I found it hilarious. Chevy Chase’s physical comedy skills were unmatched even before he turned into Pierce Hawthorne. And I love the bat shit 80s style of comedy where the surreal and the inappropriate mingled casually alongside the simplest of stories.
But, and don’t get too big a head about this one Mom and Dad, I found it a little hard to relate to the escalating scale of awkward family interactions that the Griswolds go through. Since only half the family ever celebrated Christmas, anyway, and since the other half all had their own homes to stay in, we never suffered through the indignity of having to cram into bedrooms to accommodate visiting relatives. And my relatives, although occasionally hilarious, were never quite as distasteful to me as they seem to be to teenage Juliette Lewis.
Even when you can’t quite understand the logistics, there’s still something great about a family working together to deal with their own strange little traditions.
In this age, when only 3 of my 13 (so far) Christmas movies have even mentioned God and none of them have been overtly Christian, the celebration of Christmas is far more about the accumulation of family and traditions. A lot of these traditions are weird or nonsensical, like spending hundreds of dollars to light up your house with ostentatious displays of lights. Or going shopping together. Or dealing with family members who you don’t particularly like. Our Christmas traditions are often goofy, ridiculous, and not nearly as adorable as we remember them, but they’re ours.
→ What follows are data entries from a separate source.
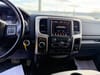 13 thumbnail image of  2020 Ram 1500 Classic SLT
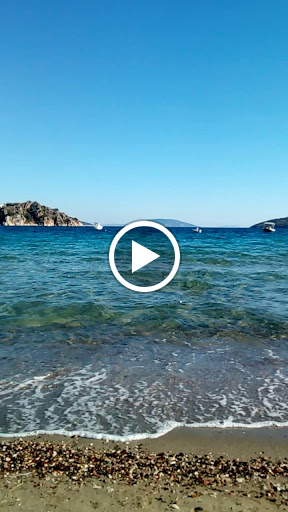 Assini Beach Hotel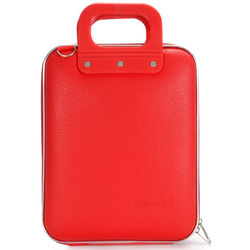 Bombata Micro 11" Tablet Briefcase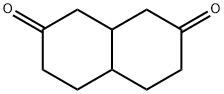 46048-64-0 structural image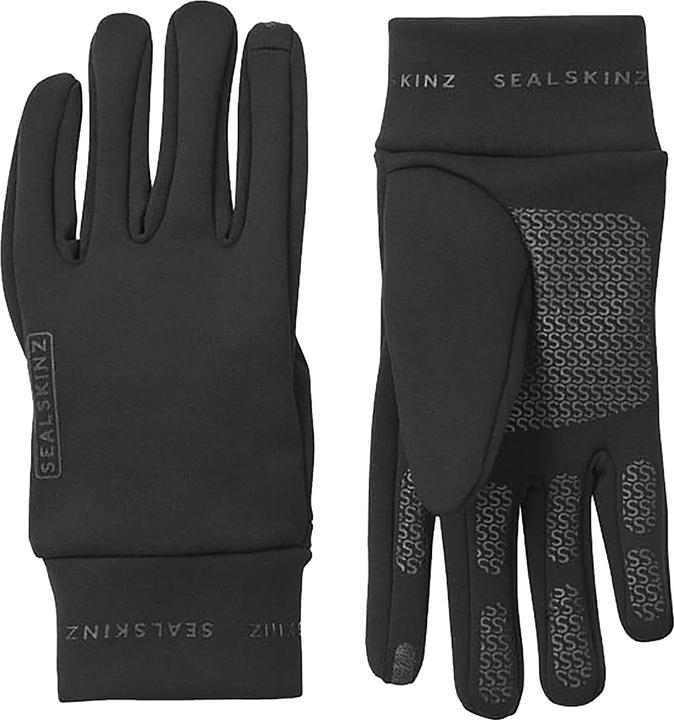 Sealskinz Acle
Like Chevy’s Clark Griswold, we’re all trying to create the best version of our Christmas, and even on the best years, we fail. Cats get electrocuted, turkeys get over cooked, trees get burned to a crisp. Our family members turn out to be kind of d-bags. But in the end, it’s still meaningful to hang out around the fire and listen to ‘Twas The Night Before Christmas… even if it is interrupted by a small kidnapping.
That’s maybe little high-fallutin for a movie that features an extended sequence of Chevy Chase hitting himself in the face with ceiling boards. Mostly, Christmas Vacation is a series of escalating gags and crazy characters interacting in forced Holiday merriment. And isn’t that what Christmas is all about?
Random Observations:
• Johnny Galecki made for a surprisingly adorable pre-teen (although I did have to resist the urge to keep saying to the TV “sorry, dude, you’ll never get any taller.”)
• Was there ever actually a time when straight, slicked back hair that makes you look like a Russian bond villain was considered a good look? Dude, the Greasers called, they think your hair looks stupid.
• “I don’t know what to say except it’s Christmas, and we’re all in misery.”
• 99 % watch: “But when people count on them as part of their salary—what you did just plain sucks… I’ll be more than happy to take the blame on this, on behalf of myself, and every other family you rear ended this Christmas”;
“…I guess a healthy bottom line doesn’t mean much if to do it you have to hurt the people you depend on.”
• When I grow up, I want to be Aunt Bethany.